Immediate recovery: the on-call freed space carefully (you must not delete WAL files manually — that breaks recovery; instead they archived the backlog or expanded the volume), restored the archive destination (renewed credentials), let PostgreSQL drain its WAL backlog to the archive, and the database resumed.

Prevention:

Monitor and alert on free disk space — alert well before full (e.g., 80%/90%), for the data volume and the WAL volume.

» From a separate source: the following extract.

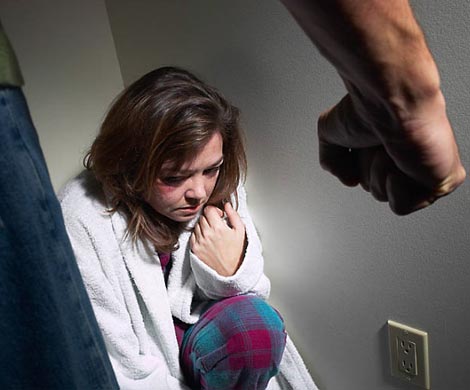 Психологи перечислили шесть ранних признаков домашнего насилия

The single most important fix.
Monitor archive_command success / archiver lag — alert when archiving starts failing, so a stalled archive is caught while there's still disk, not after WAL has piled up for hours.
Put WAL on its own volume (a common practice) so WAL growth can't fill the data disk (and vice versa), and so it's monitored separately.
Set retention/cleanup correctly and consider tools (pgBackRest, barman) that manage WAL archiving and retention robustly.

The analysis

A full disk halts the database. PostgreSQL must write WAL to commit (durability, Chapter 28); no disk space → no writes → effective outage. It's among the most common production database incidents, and among the most preventable.
WAL accumulates when archiving stalls — by design. PostgreSQL retains un-archived WAL rather than risk recoverability. That's correct, but it means a failing archive_command is a slow-motion disk-fill. You must monitor archiving health, not assume it.
Monitor disk space and alert early. The outage was preventable with a single threshold alert; the disk filled over hours. Free space (data and WAL) is a must-monitor metric. (Chapter 38's monitoring discipline applied.)
Never manually delete WAL to free space. It's tempting at 2 a.m., but deleting un-archived/needed WAL breaks PITR and can corrupt recovery. Free space the right way (expand the volume, fix archiving, use proper tooling).
Separate concerns with separate volumes and robust tooling. Putting WAL on its own volume contains the blast radius; dedicated backup tools (pgBackRest/barman) handle archiving and retention more safely than a hand-rolled archive_command.

Discussion questions

Why did WAL pile up when the archive destination became unreachable? Why is that PostgreSQL behaving correctly?
Why does a full disk halt PostgreSQL specifically (tie to the WAL/durability)?
What single monitoring alert would have prevented the 2 a.m. outage?
Why must you not manually delete WAL files to free space?
⭐ Design the monitoring/alerting you'd put in place for a self-hosted PostgreSQL with WAL archiving. What metrics and thresholds?